La  anterior  circunstancia  es trascendental  dada  la  naturaleza  autónoma  e  independiente  de  la  acción  de revisión  respecto  del  proceso  en  donde se gestó el presunto yerro judicial que busca  enmendarse   a   través   de  la  citada  acción  removiendo  la  res  iudicata  que ampara la decisión con  la  cual  se  finiquitó la actuación, como se precisó en providencia de 12 de  marzo  de 2008, cuando se inadmitió el libelo que presentó el mismo abogado en  representación  de  los condenados sin contar con el poder debidamente otorgado  para  actuar,  oportunidad  en la que se rememoró lo anotado en los autos de 20  de  agosto  de 2002, radicación 18807, y 19 de mayo de 2004, radicación 22002,  acerca  de  la  legitimación  para  instaurar  la  acción de revisión, en los  cuales se consideró:   

“De  conformidad con el artículo 221 del  estatuto  procesal [ley 600 de 2000], el sentenciado se encuentra facultado para  promover  la  acción  de  revisión contra un fallo adverso a sus intereses, lo  cual  no  significa  que, si carece de la calidad de abogado titulado legalmente  autorizado  para  ejercer  la  profesión, se halle legitimado para presentar la  demanda,   pues  de  conformidad  con  el  artículo  127  ejusdem  ‘para  los  fines  de  su  defensa  el  sindicado  deberá  contar con la asistencia de un abogado escogido por él o de  oficio’.   

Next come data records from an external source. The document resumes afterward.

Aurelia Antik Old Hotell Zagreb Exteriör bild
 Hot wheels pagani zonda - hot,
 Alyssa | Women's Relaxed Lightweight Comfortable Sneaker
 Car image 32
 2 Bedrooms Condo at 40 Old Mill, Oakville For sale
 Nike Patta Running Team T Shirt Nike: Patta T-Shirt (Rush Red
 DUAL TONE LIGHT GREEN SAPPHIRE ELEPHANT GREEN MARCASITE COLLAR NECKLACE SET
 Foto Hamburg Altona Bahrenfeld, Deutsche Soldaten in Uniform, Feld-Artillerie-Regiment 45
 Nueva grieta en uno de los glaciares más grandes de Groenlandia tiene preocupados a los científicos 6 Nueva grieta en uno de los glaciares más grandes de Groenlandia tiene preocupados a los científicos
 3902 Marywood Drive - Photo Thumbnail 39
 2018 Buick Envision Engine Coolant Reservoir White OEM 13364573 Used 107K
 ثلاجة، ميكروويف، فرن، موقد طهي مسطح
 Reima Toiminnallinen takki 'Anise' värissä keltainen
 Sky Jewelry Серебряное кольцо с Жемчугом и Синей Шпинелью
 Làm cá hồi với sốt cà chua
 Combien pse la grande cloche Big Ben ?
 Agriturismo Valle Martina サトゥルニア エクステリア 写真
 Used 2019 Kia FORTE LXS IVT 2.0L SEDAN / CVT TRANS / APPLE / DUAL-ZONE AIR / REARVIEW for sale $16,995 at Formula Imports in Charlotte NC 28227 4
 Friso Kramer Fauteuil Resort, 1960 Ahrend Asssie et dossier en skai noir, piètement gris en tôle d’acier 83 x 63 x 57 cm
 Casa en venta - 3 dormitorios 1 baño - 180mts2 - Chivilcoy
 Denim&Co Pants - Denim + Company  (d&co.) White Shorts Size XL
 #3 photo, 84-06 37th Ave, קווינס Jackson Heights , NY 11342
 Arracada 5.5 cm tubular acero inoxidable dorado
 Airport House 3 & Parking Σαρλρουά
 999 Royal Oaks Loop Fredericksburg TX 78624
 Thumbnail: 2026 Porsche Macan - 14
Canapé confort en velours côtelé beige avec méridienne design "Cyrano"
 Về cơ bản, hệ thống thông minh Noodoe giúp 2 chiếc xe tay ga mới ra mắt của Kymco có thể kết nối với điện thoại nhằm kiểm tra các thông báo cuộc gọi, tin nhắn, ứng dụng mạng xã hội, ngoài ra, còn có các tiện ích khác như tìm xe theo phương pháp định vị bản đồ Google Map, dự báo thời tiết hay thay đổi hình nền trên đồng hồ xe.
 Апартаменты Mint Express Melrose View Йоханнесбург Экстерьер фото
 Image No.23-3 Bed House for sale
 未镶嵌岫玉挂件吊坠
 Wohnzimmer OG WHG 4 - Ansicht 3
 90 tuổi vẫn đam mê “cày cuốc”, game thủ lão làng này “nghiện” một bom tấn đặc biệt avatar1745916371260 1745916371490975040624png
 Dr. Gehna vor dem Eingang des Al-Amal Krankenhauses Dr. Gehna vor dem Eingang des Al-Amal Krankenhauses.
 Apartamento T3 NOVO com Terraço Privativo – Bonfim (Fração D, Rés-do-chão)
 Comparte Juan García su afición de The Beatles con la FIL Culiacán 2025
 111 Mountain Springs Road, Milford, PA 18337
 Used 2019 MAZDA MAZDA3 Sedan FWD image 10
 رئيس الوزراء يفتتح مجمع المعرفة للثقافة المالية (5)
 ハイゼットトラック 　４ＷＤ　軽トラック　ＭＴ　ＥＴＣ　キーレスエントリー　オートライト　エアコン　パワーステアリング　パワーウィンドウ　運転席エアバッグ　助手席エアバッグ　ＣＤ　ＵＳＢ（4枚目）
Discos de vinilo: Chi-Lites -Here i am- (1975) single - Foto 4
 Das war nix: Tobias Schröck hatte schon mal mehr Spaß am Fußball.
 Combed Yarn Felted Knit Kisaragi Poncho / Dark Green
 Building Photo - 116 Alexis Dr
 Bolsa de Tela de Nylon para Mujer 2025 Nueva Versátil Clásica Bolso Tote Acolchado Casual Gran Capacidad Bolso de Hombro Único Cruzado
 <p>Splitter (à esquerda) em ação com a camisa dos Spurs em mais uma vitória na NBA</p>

“Obedece  esta limitante a que la acción  de  revisión  corresponde  a  una  actividad  posterior  a  la culminación del  proceso,  que  comprende  la  elaboración del libelo según precisos requisitos  formales,   la   invocación   de   concretas   causales  legales,  el  correcto  señalamiento  de  los  fundamentos  jurídicos y fácticos, la relación de las  pruebas  que se aportan para demostrar los hechos básicos de la petición y una  adecuada  sustentación compatible con la naturaleza de la causal que se invoca,  todo  lo cual es, evidentemente, materia de especiales conocimientos jurídicos,  como  igual se exige en casación […], pues el hecho de no haberse contemplado  expresamente  para  la  revisión, como sí lo estaba en el Decreto 2700 de 1991  (art.  233), no puede entenderse que dicha exigencia hubiera dejado de regir, ya  que  a  estos  efectos el inciso último del artículo 127 del estatuto procesal  establece  que  ‘[e]n todo  caso  si  el  sindicado fuere abogado titulado y estuviere autorizado legalmente  para  ejercer  la  profesión,  podrá  de  manera  expresa aceptar y ejercer su  propia       defensa       sin      necesidad      de      apoderado’,  significando,  entonces, contrario  sensu,  que  en  caso  de  no  contar  con  dicha calidad, siempre deberá estar  asistido por quien si la tenga”   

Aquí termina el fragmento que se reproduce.